"Look, I started in the theater in New York because I was interested in the craft of performing," Redford tells me when I ask him if having one of the most famous mugs on the planet has been something of a mixed blessing, his voice registering a faint note of annoyance at what is clearly a sensitive subject. "I played character parts, villains, rapists, all kinds of different roles. When I went into film and the romantic thing struck, suddenly it was all about that, and then I was perceived as only that. If you're considered a good-looking person, you get hammered on your substance. I could see that coming, and it depressed me, and then it did come, and then it became like a hook in me that I couldn't get rid of."
Until, that is, Redford entered middle age. The talk remained focused on his looks, only now it was about how he was supposedly losing them. ("Weathered and remote" is how The New York Times described Redford's physical appearance in its review of 1990's Havana, released when the actor was 54.) "As you begin to age, then suddenly it's a liability that you're aging," Redford says. "What was I supposed to do? Die in a car crash and stay young forever?"
Well before that, though, Redford searched out roles like those in The Candidate and Downhill Racer, parts that made cannon fodder of his supposed vanity. And he used his popularity and charisma to back a succession of politically charged, decidedly non-movie-star-ish projects that likely could have been willed into being only during the much-mythologized New Hollywood of the late 1960s and the 1970s. These included Tell Them Willie Boy Is Here (1969), the comeback film of blacklisted screenwriter Abraham Polonsky and an early indication of Redford's interest in American Indian history; the iconic frontier Western Jeremiah Johnson (1972); and, of course, All the President's Men (1976), a movie to which Redford devoted years of his life as producer and star. Even some of the overtly commercial projects to which he signed on carried unexpected sociopolitical subtext, as with the McCarthy-era witch hunts that background the glossy Barbra Streisand romance The Way We Were.
"I guess, as an artist, somewhere along the line I became a cultural critic," Redford says. "I so love this country, but I also get worried about it. I see it sliding away from itself." Not that he's convinced that any of his contributions as actor, producer or director have had a lick of measurable influence. "The Candidate was about how we get people elected in this country for cosmetic reasons rather than substance, and that this was something worth thinking about. Well, nothing happened. We got Jerry Brown, and then we got Dan Quayle."

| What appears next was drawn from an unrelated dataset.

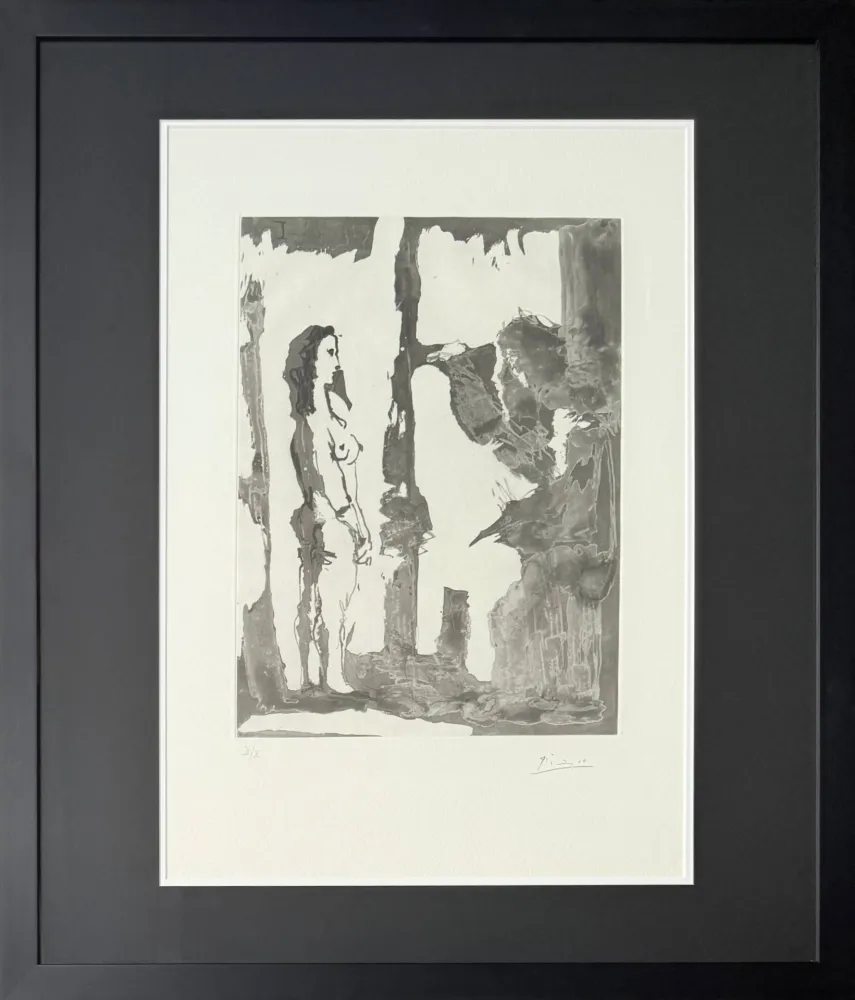 Etching And Aquatint Picasso - Peintre et modèle aux cheveux longs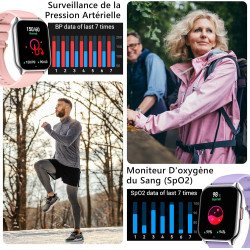 Montre connectée femme homme avec appel bleutooth, 2,0" hd smartwatch, 100+ sportifs, moniteur de sommeil cardiofréquencemètre t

Redford has considerably more damning words for the state of American journalism in the three decades since All the President's Men, chiding print and broadcast outlets alike for their decisions to focus on sports and entertainment reporting at the expense of hard news and investigative reporting. Most of all, he's troubled by the media's unblinking willingness to toe the Washington party line. That's one of the deeper and more lasting issues that Redford hopes will be discussed in the wake of Lions for Lambs, though he remains wary of the real possibility of change through cinema, particularly among college-age audiences such as those he has been speaking to on his tour.
"I think it would be unfair to classify this generation as apathetic and cynical," Redford says when I ask if Lions' underachieving student protagonist can be considered a representative figure. "I think there's a lot of that out there, and I think a lot of it, by the way, is justified, because there's no leadership to admire there's no moral figure to follow. Kids today feel like they're too smart for all this bullshit, so they turn away from it, which creates its own issue young people turning away from the problem rather than saying, 'Wait a minute. This is my future that's going under. I'm going to do something about it.'"
Time, though, is of the essence. As the Lions for Lambs ad line neatly surmises, "If you don't stand for something, you might fall for anything." And, like his character in the film, Redford is a firm believer that every moment spent sitting down is a wasted one. To that end, he has infused Lions with an old-fashioned but diabolically effective gimmick: The movie's action unfolds in 90 real-time minutes, each one designed to press heavier than the last upon the audience's collective conscience.